Speculation immediately turned to the identity of the potential "serious buyer" mentioned but not named in the article. BDT Capital is run by Byron Trott, a former Goldman Sachs executive known for a relationship with Warren Buffett, who has been making counterintuitive publishing investments lately in the form of newspaper acquisitions. Mr. Trott was a key player in Mr. Buffett's investment in Goldman Sachs in 2008.
Former Time Warner CEO Dick Parsons once told a "town hall" meeting of 400 staffers about a conversation he'd had with Mr. Buffett -- according to a 2007 report in Ad Age about speculation over a Time Inc. sale.
"As your friend, don't do that, it's a good business," said Mr. Buffett, according to people who heard Mr. Parsons tell the story. "But," he added, "if you do sell it, sell it to me."
Reached by phone, a representative for Mr. Buffett's Berkshire Hathaway asked to receive questions by email but did not immediately reply.
Time Inc. has been the subject of spin-off and sale rumors for years as its results have lagged Time Warner's more lucrative TV and movie entertainment businesses. Time Warner CEO Jeffrey Bewkes has never taken the option off the table.
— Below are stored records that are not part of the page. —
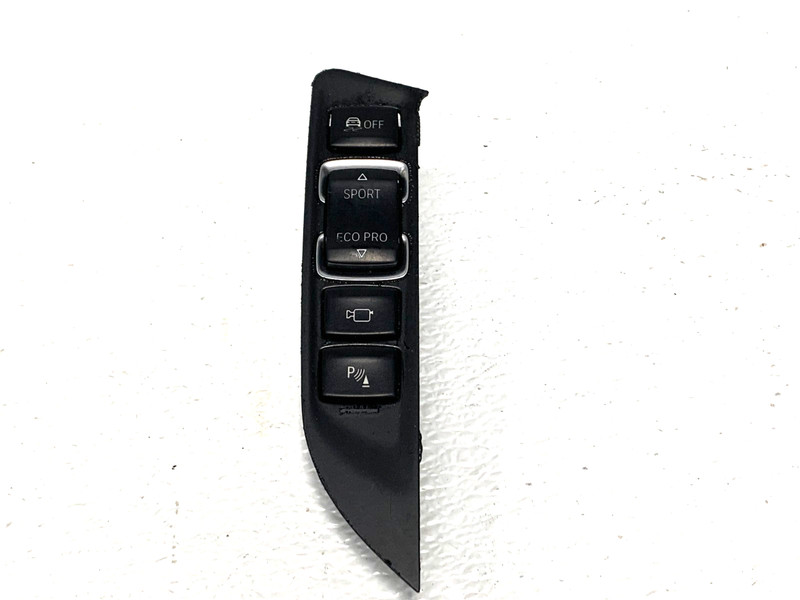 16-18 BMW 340i F30 CAMERA ECO COMFORT SPORT MODE SWITCH UNIT OEM #A0.13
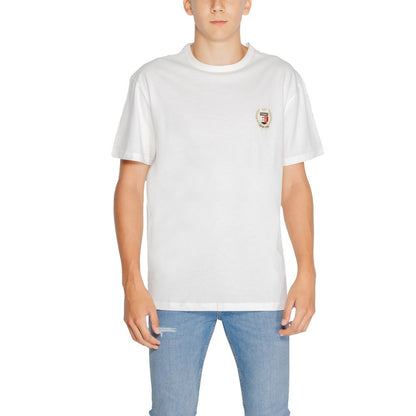 White Cotton Rigenerato T-Shirt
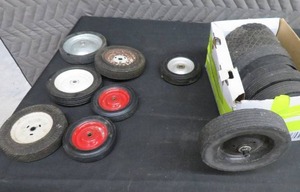 SMALL HARD TIRE ASSORTMENT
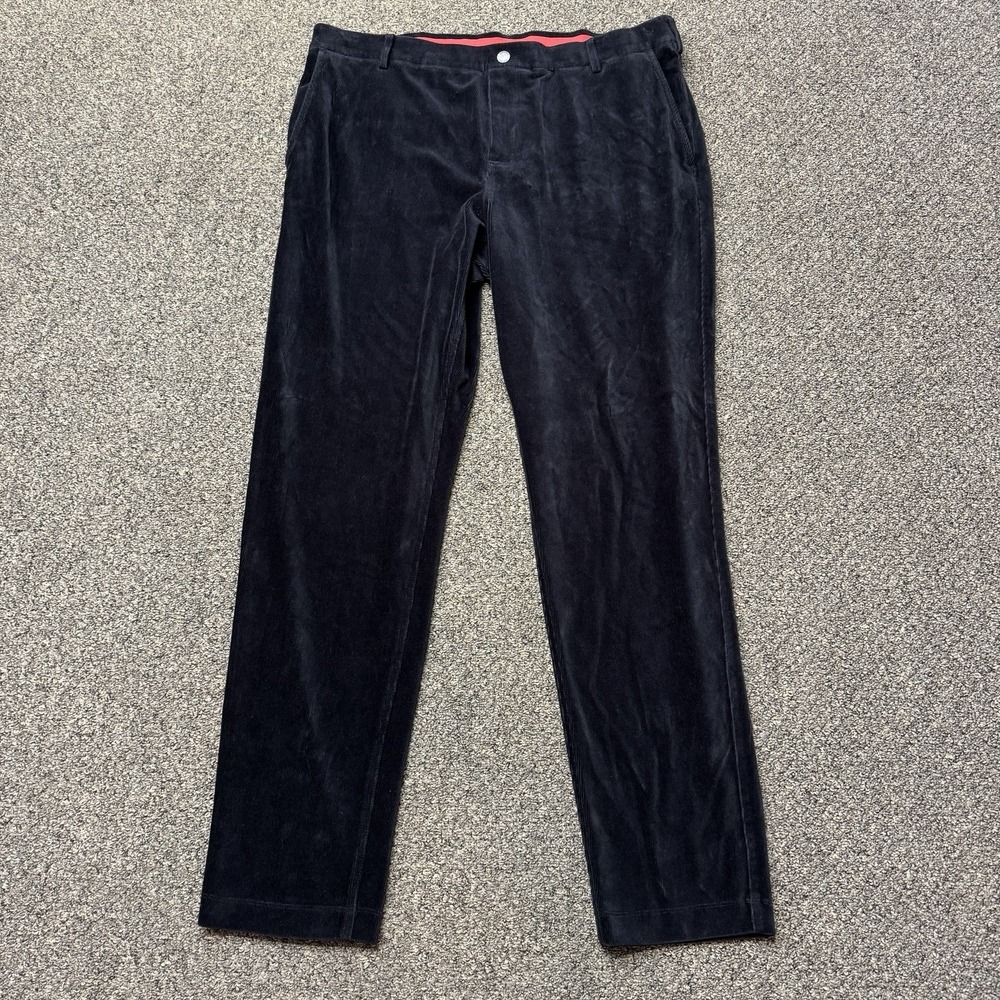 Redvanly Collins Corduroy Trouser Black Performance Stretch Pants Size XXL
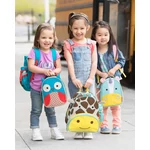 Kép 5/6 - Skip Hop Zoo hátizsák Zsiráf
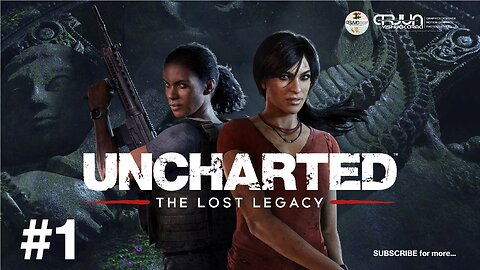 A NEW ADVENTURE BEGINS | UNCHARTED THE LOST LEGACY GA | #livestream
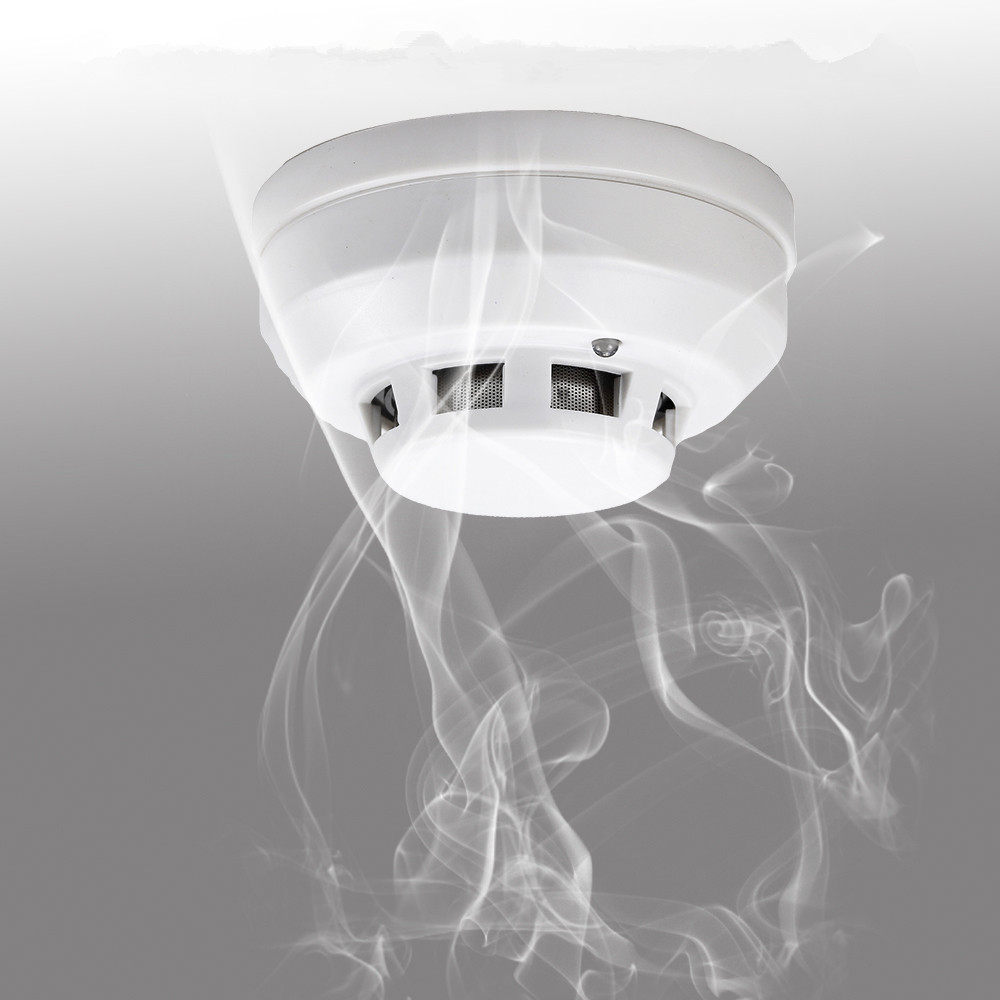 Wired Smoke Detector Alarm Accessories Smoke Sensor Normally Open Normally Closed Smoke Detector NO Smoke Sensor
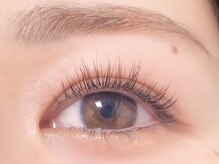 リベラ(Rivera)/ブラウンエクステ100本/LED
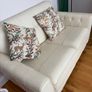 Leather 2 seater sofa Image 2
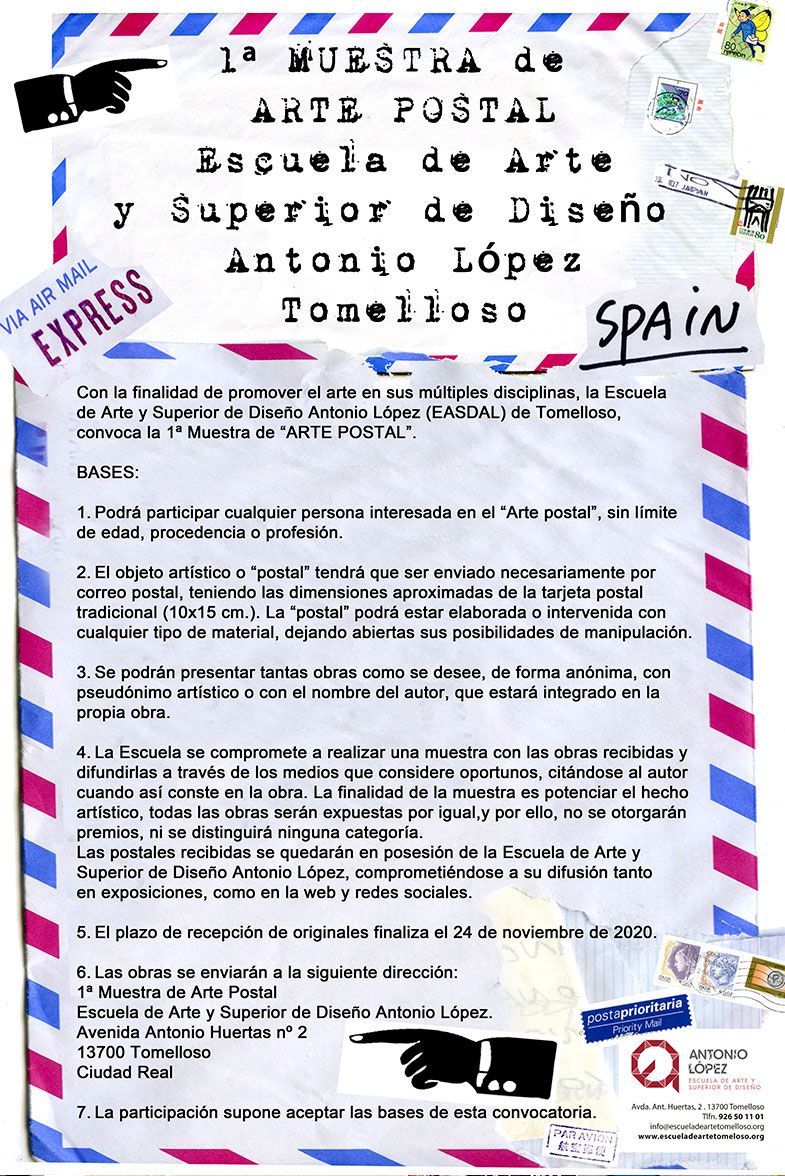 convocatoria mail art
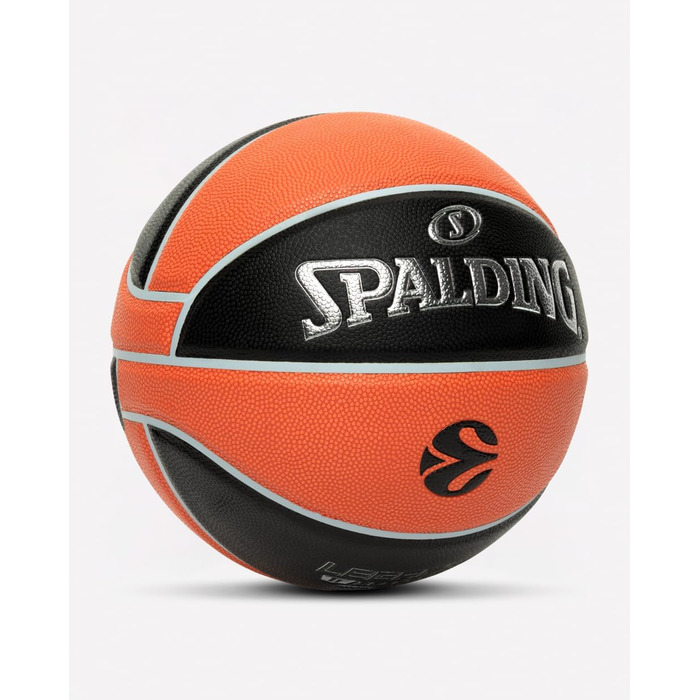 Баскетбольні м'ячі Spalding 77100Z чорний/помаранчевий р. 7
Time Inc. CEO Laura Lang, who arrived from digital agency Digitas a little over a year ago, has been trying to improve the publishing operation's results with an initial review to identify priorities, helped by Bain consultants; new digital ad products and a new emphasis on video; and layoffs last month of about 500 employees.
Berkshire Hathaway is best known for its ownership of insurance companies like Geico and iconic American brands like Dairy Queen, Benjamin Moore and Fruit of the Loom. Mr. Buffett has also made investments in Procter & Gamble, Coca-Cola and other big advertisers. In 2008, he sank $5 billion in Goldman Sachs -- a massive, confidence-inspiring bet on the ailing financial system.
Though not as well known, Mr. Buffett has dabbled in media for some time, though all his bets have been on local newspaper, not magazines. He purchased the Buffalo Evening News in 1977 and added the Omaha World-Herald in late 2011. Last year, Berkshire Hathaway subsidiary BH Media Group bought the bulk of Media General's newspaper division for $142 million, leading The Wall Street Journal to speculate on whether Mr. Buffett was "a budding media mogul."
Indeed Mr. Buffett fueled that sense with a letter to the editors and publishers of his new holdings promising more newspaper purchases. Later that month, he made good on that prediction with the purchase of the Greensboro (N.C.) News & Record.
Mr. Buffett has often contributed his business insights to Fortune and has long known Fortune Editor at Large Carol Loomis, who has often interviewed him. Last year, she compiled his Fortune wisdom into a book called "Tap Dancing to Work."